JR東日本はこのほど、次世代型新幹線の開発に向け、来春新たな試験車両を導入すると発表した。北海道新幹線の札幌乗り入れが始まる2031年春を目指し、時速360㌔での営業運転を実現する。
世界最速の新幹線を東京~札幌に
世界の高速列車は、1964年開業の東海道新幹線に端を発するが、現在営業運転での最速列車は、日本の東北新幹線とフランスのTGV,それにドイツのICE3の3つの列車で、いずれも時速320㌔だ。中国の高速列車は、時速350㌔でデビューしたが、40名が亡くなった温州市での事故のあとスピードを落とし、時速310㌔で運転している。
来春、試験に投入されるのは“最先端試験を行うための先進試験車両”の意味を込めた「ALFA-X(アルファX)」と呼ばれる10両編成の新幹線だ。JR東日本では速度や快適性の向上とともに、地震時の安全性や雪対策、それに車両の機器や線路設備の状態などを、走りながらモニタリングを行う革新的なメンテナンス・システムを導入する。
時速360㌔運転実現へのアプローチは、2009年まで別の試験編成列車(FASTECH360)を使って行ってきたが、ALFA-Xの投入で世界最高速運転が実現に近づくことで、盛岡以北の運転速度(現行時速260㌔)と貨物列車との共用となっている青函トンネルの減速(時速140㌔)問題がクローズアップされそうだ。
雑学ライブラリー
解消したいトンネルドン
今回の試験編成は、ALFA-XのFで示されている通り、フロントライン(先端部)の形状が重要な試験となっている。「トンネルドン」を軽減するためだ。

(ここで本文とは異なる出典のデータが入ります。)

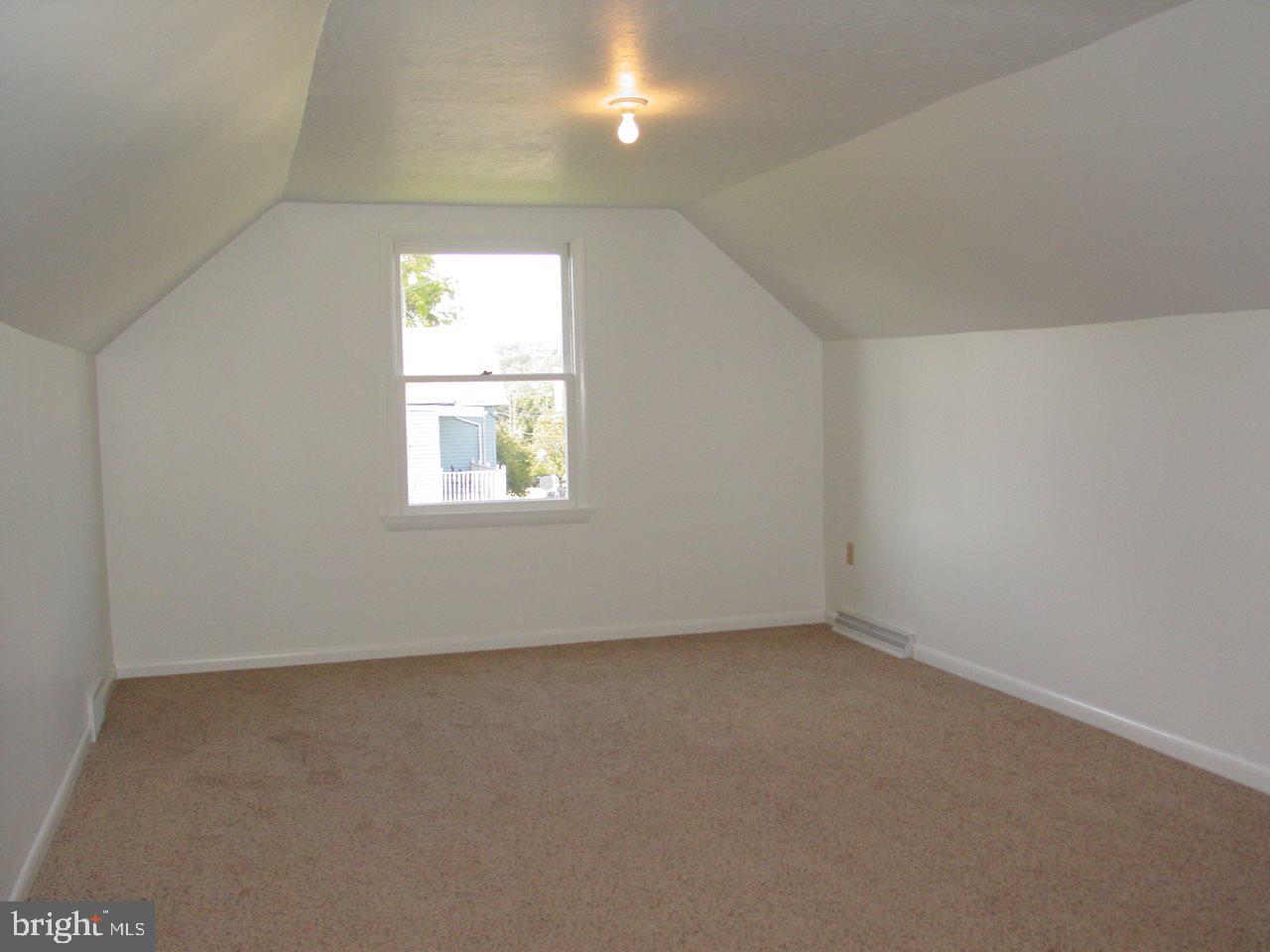 EAST YORK - Residential
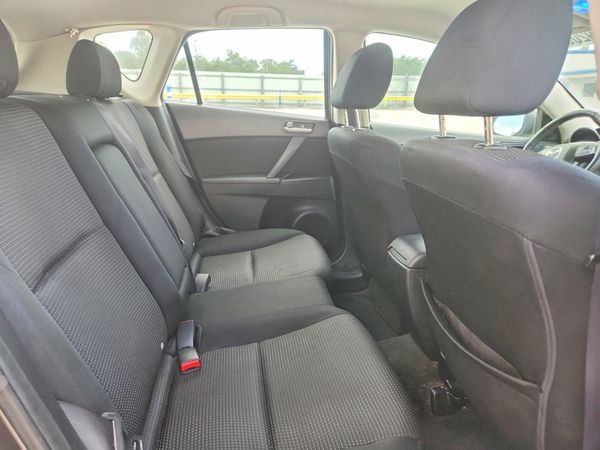 2013 MAZDA 3 Touring/GS
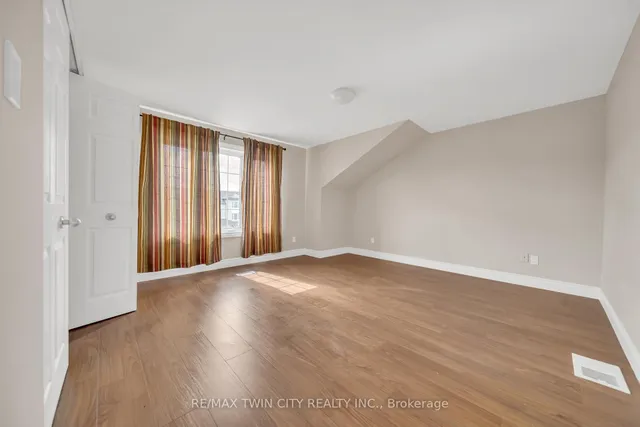 Additional property image - 124 Donnenwerth Dr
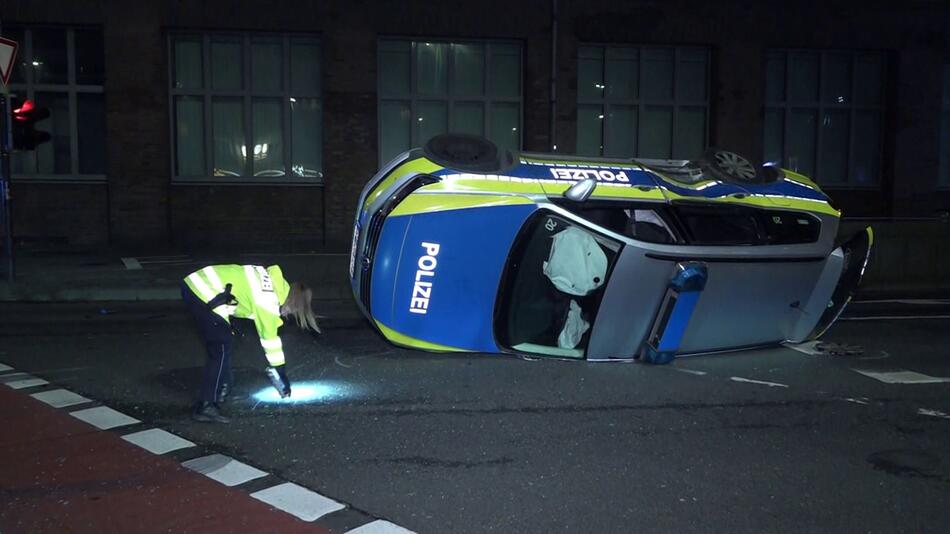 Unfall mit Streifenwagen der Polizei in Hannover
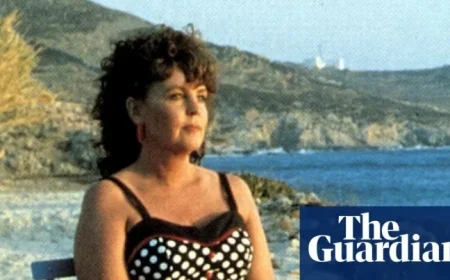 Pauline Collins Shines in ‘Shirley Valentine’ with Style and Glee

トンネルドンとは高速で走る列車がトンネルに入ると、中の空気が押し出され、反対側の出口で微気圧波が「ドン」という衝撃音が生じる。高速で走る新幹線は特に微気圧波が作る音は大きく、環境問題ともなっている。JR北海道のH5系や東日本のE5系のカモノハシのような先頭部分は、それらの対策の結果だ。